At 11:48 AM, Blogger Lloyd Morcom said...

Hi Amanda — that's a lovely piece of writing. You hint at lots of possible ways of understanding where we are and how we got there, but in the end we all need to act in the world and make a meaning of it all for ourselves. I guess frugal is the decisive turning away from material consumption as a definition of self, and if that's happening en masse then we really are entering a new age in q quite abrupt way. Thanks!

 
At 1:53 PM, Blogger Unknown said...

A whole lot of gems and nuggets in here. It would be interesting to see this expanded into a major article or even a book.

The way forward must include some way to have an economy that coexists with frugality. The current system only knows how to produce major recessions and depressions. Our current "solution" to our economic problems is to inflate and consume ourselves back to growth. Obama, and no one else in power has even inkling of another way forward.

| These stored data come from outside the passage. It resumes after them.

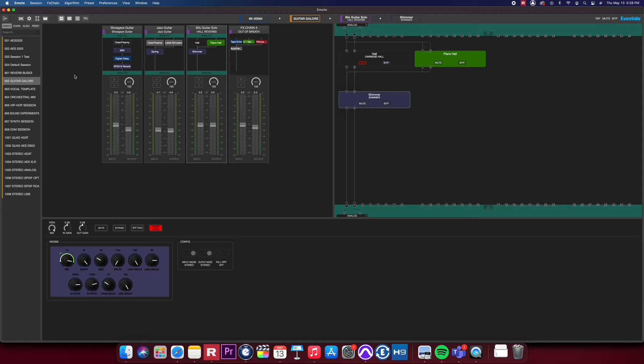I hope this helps you get started with Emote 2.0, and we can't wait to hear the music and sounds you create with the H9000.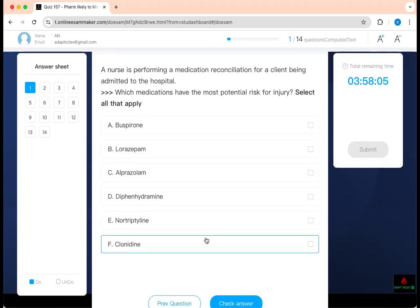The next question: which medications have the most potential risks for injury? This is performing a medication reconciliation for a client being admitted to the hospital — select all that apply. Ask yourself: what is being asked? Medications with the most risk of injury. Every time you see 'at risk of injury,' think orthostatic hypotension or dizziness. Some medications carry risk of injury not because of a disease process, but because of their major side effect. Injury is related to falls — we call this the BEERS criteria.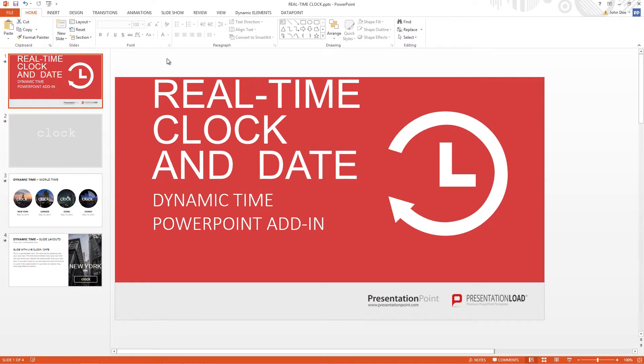Dynamic Time is a PowerPoint add-on of PresentationPoint, where we add time functions to any PowerPoint presentation like time, date, counter and countdown.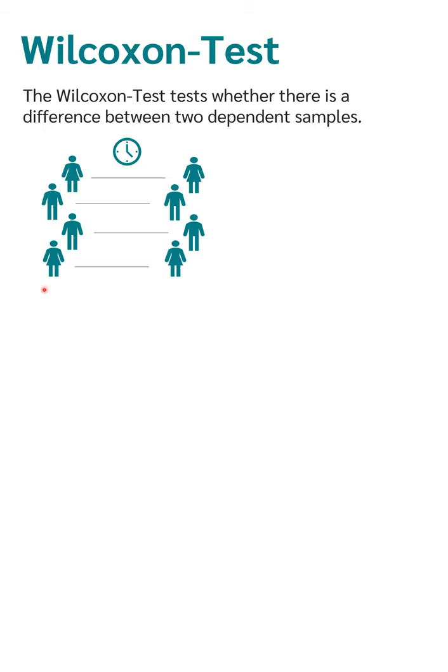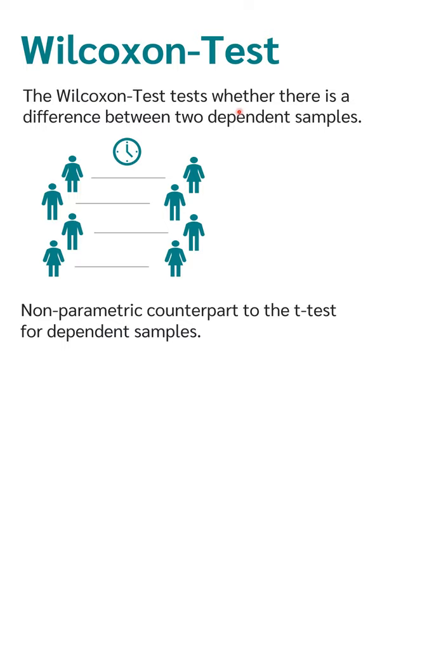Therefore, if you have two dependent groups, you want to test whether there is a difference between these two groups, then you can use the Wilcoxon test. The Wilcoxon test is the non-parametric counterpart of the t-test for dependent samples.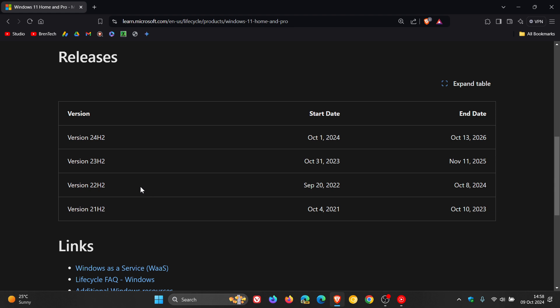22H2, as I posted yesterday, reached its end of life yesterday on the 8th of October. Version 23H2, which rolled out on the 31st of October last year, will get two years of support until the 11th of November 2025.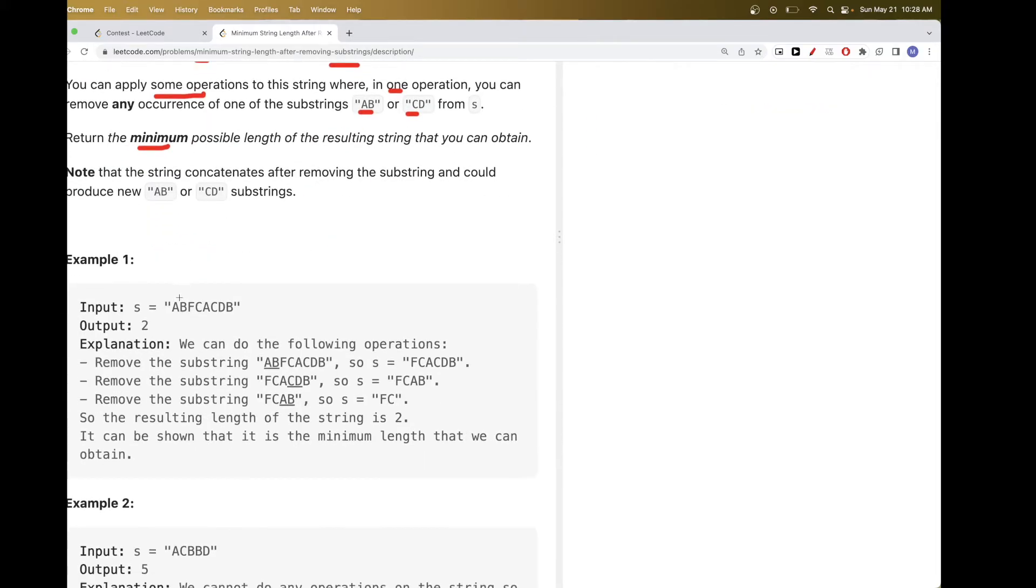So for example here, we can remove AB first, and then we want to remove CD, and now we have AB. And so we remove this AB, and the two left are FC, and so we return the length, which is 2.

Others, such as Daly, have dealt with the idea of a steady state economy. Frankly, I don't see that economy being feasible without a lot more sharing than occurs now. The death of the myth of trickle down economics will hopefully help people think about a new paradigm.

 
At 2:52 PM, Anonymous Anonymous said...

Wonderful writing and I have had similar revelations - totally know where you are coming from and some of where you are going too :-)

I stumbled your new design company page and also tweeted about it - hope you get some traffic from it!

 
At 7:30 AM, Blogger AK said...

Hi Lloyd, I was just enjoying your clearheaded and informative blog. Thanks for the link. If frugality became a form of patriotic sacrifice and the contribution of frugal ideas was encouraged, that would make a lot of people feel better about it and think of it as a movement.

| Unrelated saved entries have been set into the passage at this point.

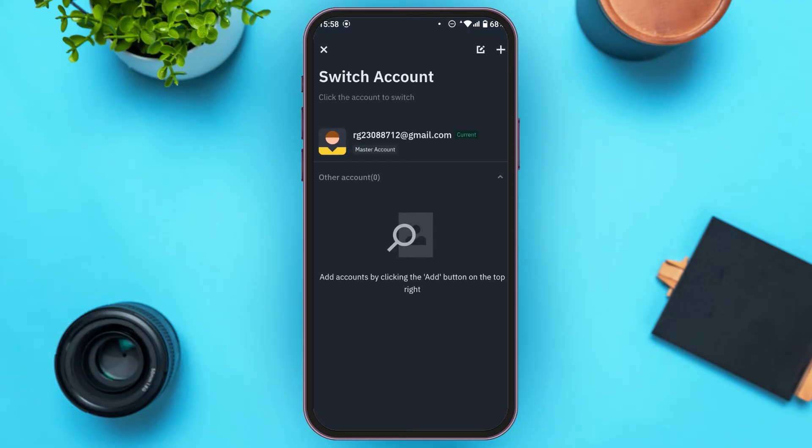From here, the accounts that you've added on this device will be displayed. Simply tap on the account to which you want to switch, and you'll be able to switch the account.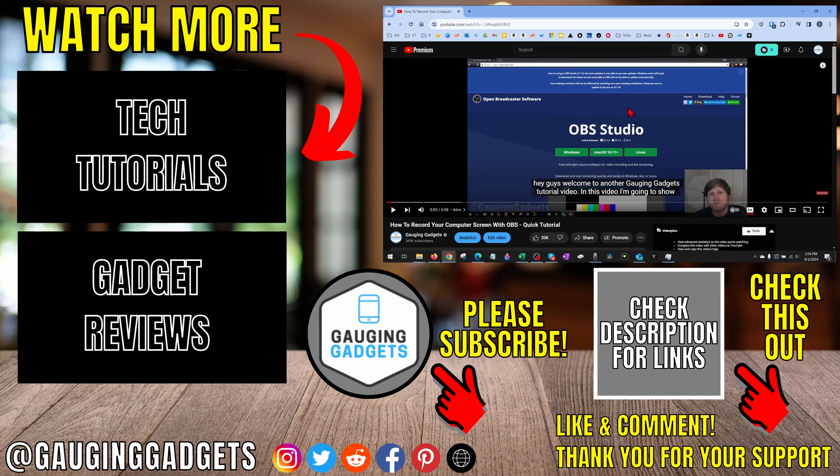If you'd like to see more YouTube tips and tutorials, check the links in the description. If this video helped you, give it a thumbs up. And please consider subscribing to my channel, Engaging Gadgets, for more gadget reviews and tech tutorials. Thank you so much for watching.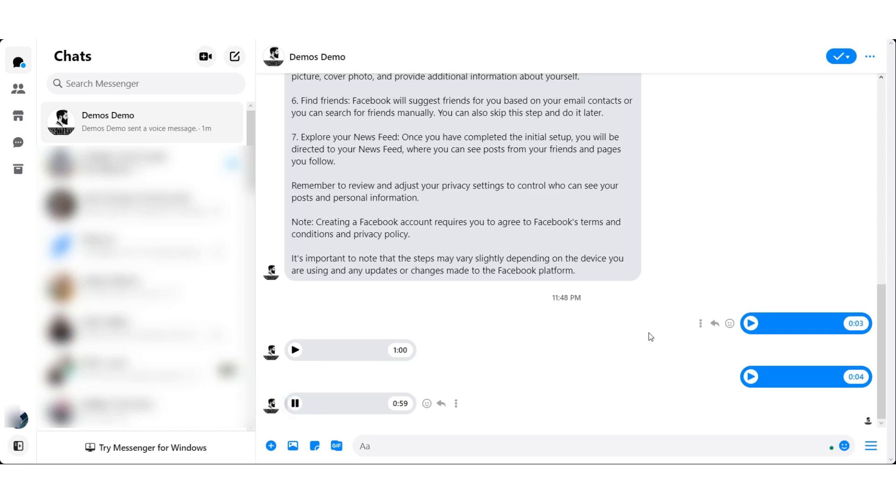To create an account on Facebook, you can follow these steps. 1. Visit the Facebook website. Sign up. On the Facebook homepage, you will see a sign-up form on the right side. Fill in your first name, last name,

Tom I am indeed thinking of what my next book should be. I'm trying to decide between a philosophical walk through our time or a more practical philosophy of doing such as Ernest Callenbach's Living Poor With Style which was an influential book for me when I was 15, assuring me that I would be able to make it on my own.
(Interestingly enough the book was rewritten two decades later with the title Living Cheap With Style indicating a not too subtle aversion to being poor.)

Nika, I could learn a lot from you about preserving food. I'm looking to going there too. And thanks for the publicity.

 
At 8:56 PM, Blogger Fonk said...

My wife and I watched "A Crude Awakening" last week, about the impending oil crash. They didn't even go into all the envirnomental/security reasons for us to get off oil, but just rather what it will mean for us as a functioning society/economy if (when) it happens and we haven't prepared for it. It's scary how oil touches almost everything we use today. Hell, the computers we're all typing on use 10 times their weight in oil to produce. Sick!